Rachel Ingalls


Rachel Holmes Ingalls was an American-born author who had lived in the United Kingdom from 1965 onwards. She won the 1970 Authors' Club First Novel Award for Theft. Her novella Mrs. Caliban was published in 1982, and her book of short stories Times Like These in 2005.
Ingalls's short story "Last Act: The Madhouse" inspired the story of the character Jean in the 1997 film Chinese Box by Wayne Wang.

Personal life

Ingalls was born on May 13, 1940, in Boston and grew up in Cambridge, Massachusetts where her father was a professor at Harvard.

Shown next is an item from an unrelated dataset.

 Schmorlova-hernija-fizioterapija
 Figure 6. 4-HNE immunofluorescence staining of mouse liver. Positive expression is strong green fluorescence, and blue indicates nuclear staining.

She received her B. A. degree from Radcliffe College in 1964, and immigrated to England. She is the daughter of Phyllis and the late Sanskritist Daniel Henry Holmes Ingalls, Sr., and the sister of the computer scientist Dan Ingalls.

Literary reputation

Ingalls' reputation is characterised by deep admiration and acclaim but also a certain degree of obscurity. She has referred to her limited commercial success as being due to the very odd, unsalable length" of her books, which tend to be story collections or novellas. She was awarded the Authors' Club First Novel Award for her book Theft. In 1986 the British Book Marketing Council named the hitherto little known Mrs Caliban as one of the 20 greatest American novels since World War II, sparking wider interest in both book and writer. Earlier praise for Mrs Caliban'' came from John Updike. The writer Daniel Handler is an advocate of Ingalls' work.